The fire marshals wanted to clear a two-mile radius. A residential area like this one included not only private homes but condos and apartment buildings. That amounted to a lot of people and a lot of cars. Decker regrouped with his detectives and made new assignments.

Hundreds of remaining doors to knock on: the terrified eyes, soot-streaked arms holding boxes, fingers gripping suitcases. Forms flitted from house to house, vehicle to vehicle. Loose animals roamed the streets, crying out with choked and desperate barks, visibility close to nil.

It wasn’t hell but it was a good facsimile.

He worked without interruption as the fire burned deep into the night.

2

T HE POLICE TOOK eighteen-hour shifts. Somewhere Decker got down enough food to calm his stomach, although he had no memory of eating. The crash information that filtered through to the emergency crews was incomplete and contradictory.
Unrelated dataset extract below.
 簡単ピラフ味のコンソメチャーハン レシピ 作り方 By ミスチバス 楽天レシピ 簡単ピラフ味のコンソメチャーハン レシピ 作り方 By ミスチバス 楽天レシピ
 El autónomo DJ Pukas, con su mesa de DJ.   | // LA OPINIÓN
With the passing of the first twenty-four hours, no radical terrorist group came forward to take responsibility and that seemed to soothe frazzled nerves. Decker thought it was quite a world when everyone was rooting for mechanical failure. From the eyewitness accounts, it appeared that the plane had been in trouble from takeoff. Ascent was never fully realized, and a few moments later, it nose-dived. No one remembered seeing a midair explosion, and so far, no videos of the crash had surfaced.

Thirty-seven hours after WestAir flight 1324 plummeted into 7624 Seacrest Drive, the fire department declared that the inferno had been contained, although it was far from out. Jet fuel was still stoking the flames, and even in the areas where active fire had died out, there were still flare-ups. It would take days before residents could come home. The Gov had come down, declaring the site a disaster area, making it easier for the surviving residents to get federal aid and loans.
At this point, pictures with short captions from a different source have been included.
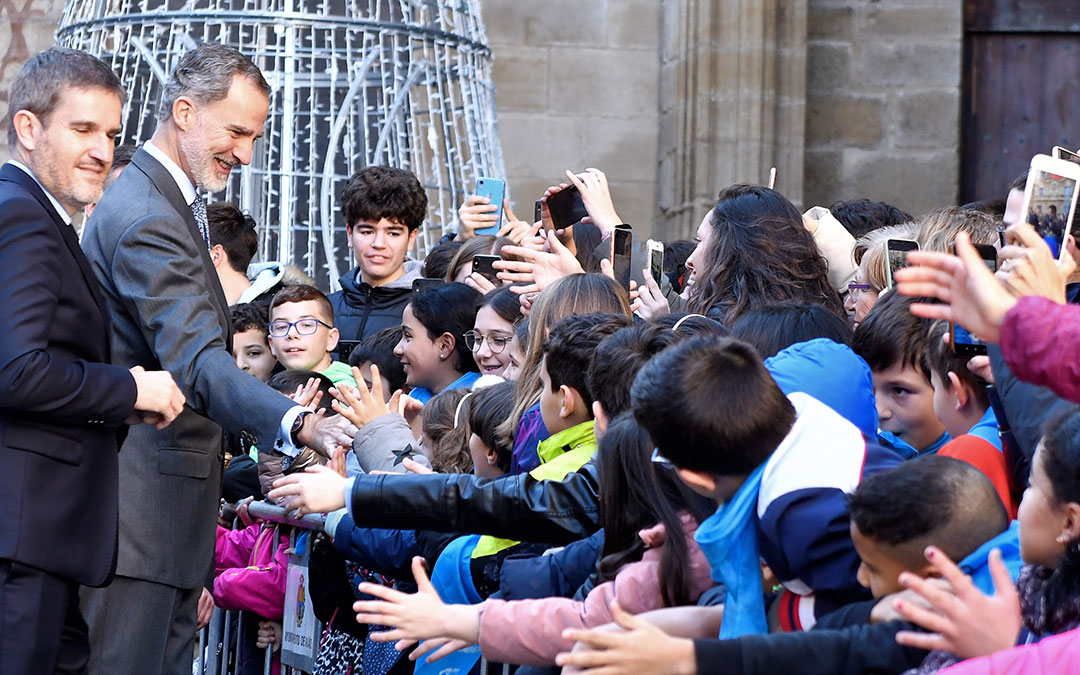 "¡Aquí Felipe, aquí!", han gritado los escolares./ L.C.
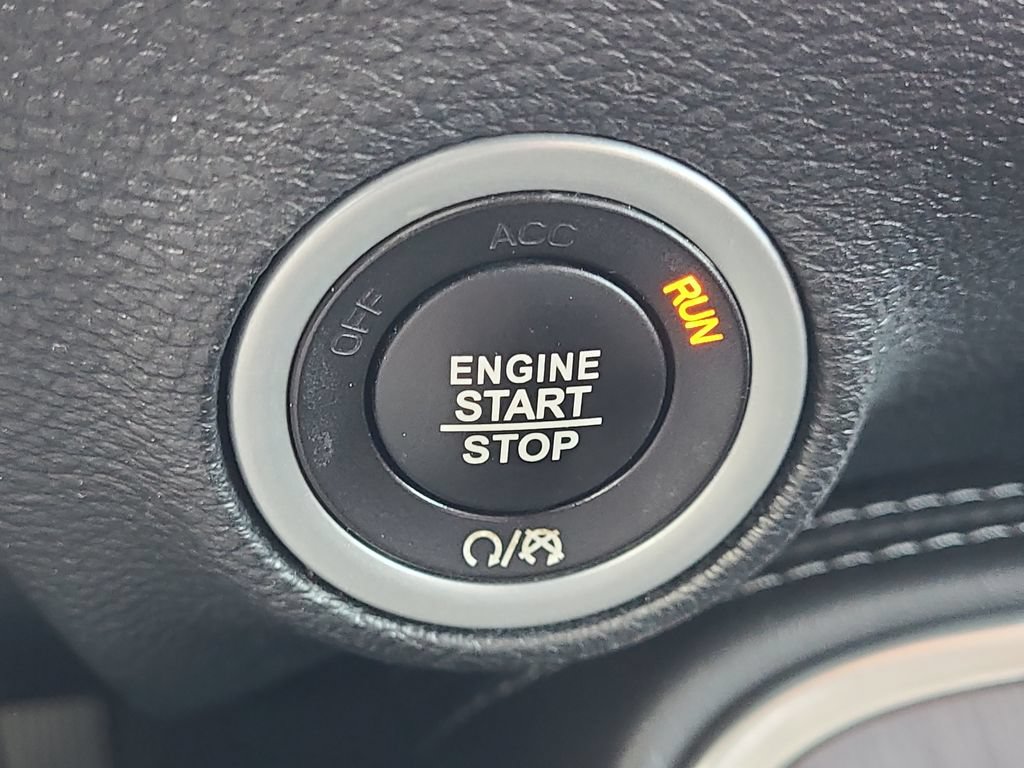 Used 2018 Dodge Challenger R/T w/ Blacktop Package RWD image 22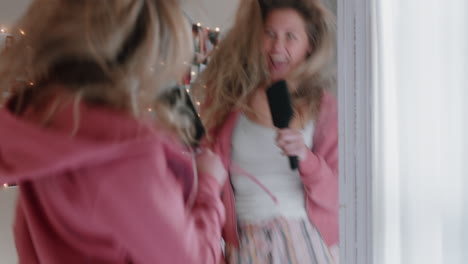 una adolescente feliz bailando en el dormitorio con música disfrutando de celebrar el fin de semana divirtiéndose cantando con pijama en casa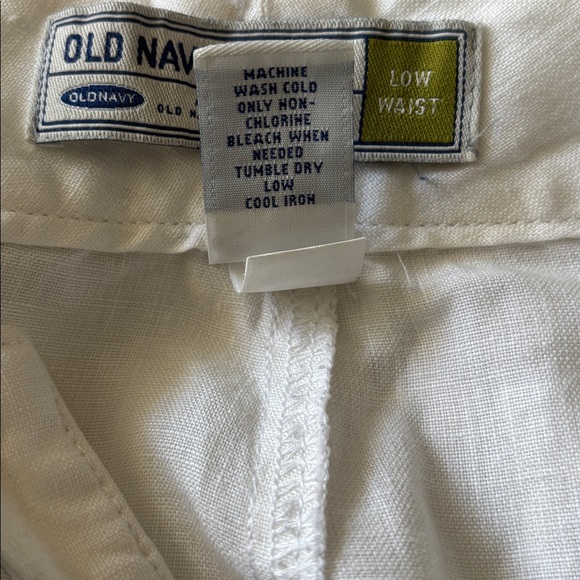 Linen Capri Pants - Picture 4 of 4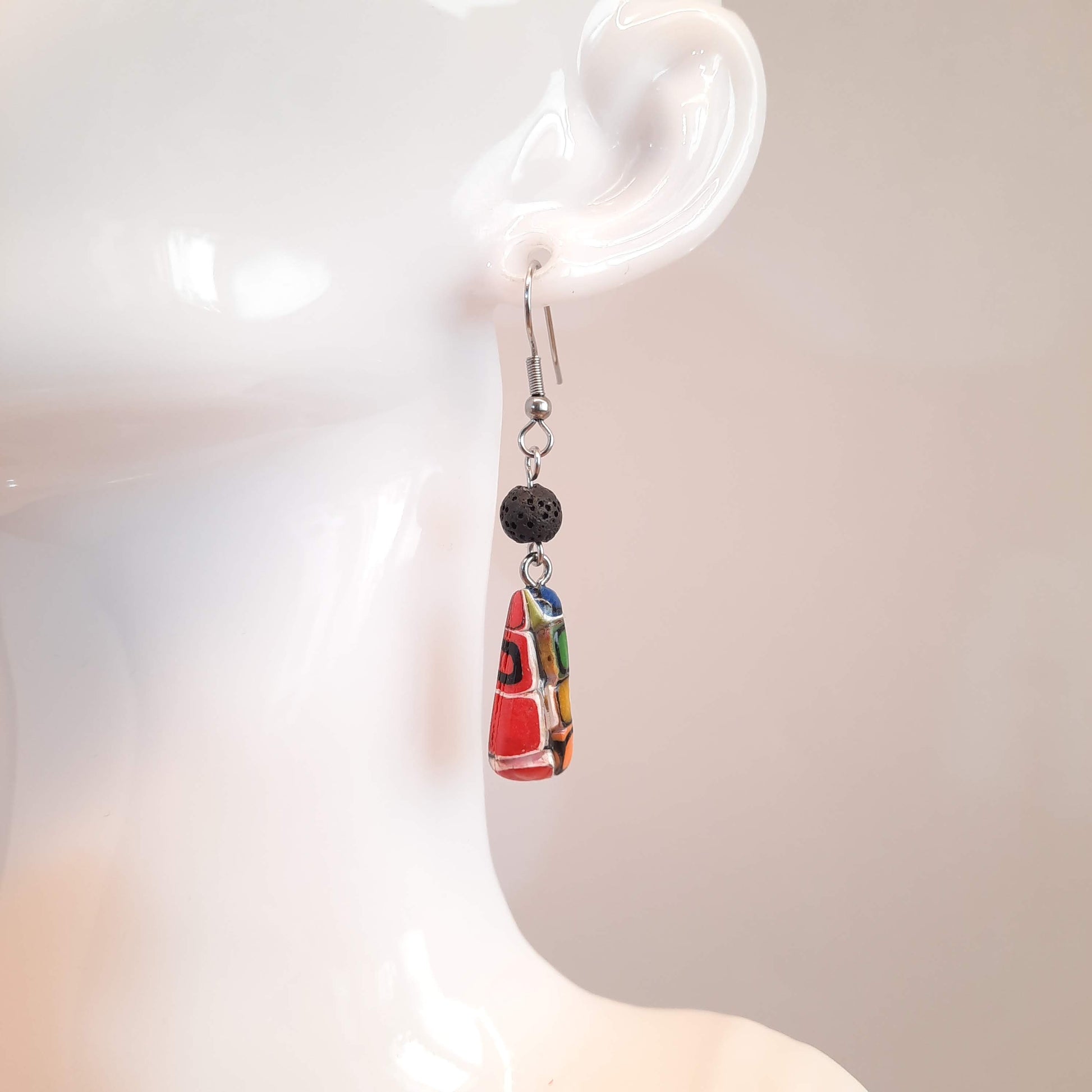 Pendientes Trapecio Arcoíris con Gancho Acero y Bolitas de Lava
From the snippets of data that went in and out of Decker’s ears, he surmised that the casualties numbered around sixty to seventy, of which forty-seven came from the hapless travelers on the plane. Ground casualties were still being assessed.

Decker was dismissed from duty after forty-two straight hours of work. If he drove home, he didn’t openly remember operating a vehicle. Nor did he recall seeing his wife and his teenage daughter, or taking a shower. Exhaustion had robbed any recollection of his falling asleep. His first conscious memory was Rina waking him up at nine in the morning. He was confused but not ungrateful. His dreams had been disturbing. He wiped his sweat-soaked face with the sleeve of his pajamas, leaving behind a gray streak of soot.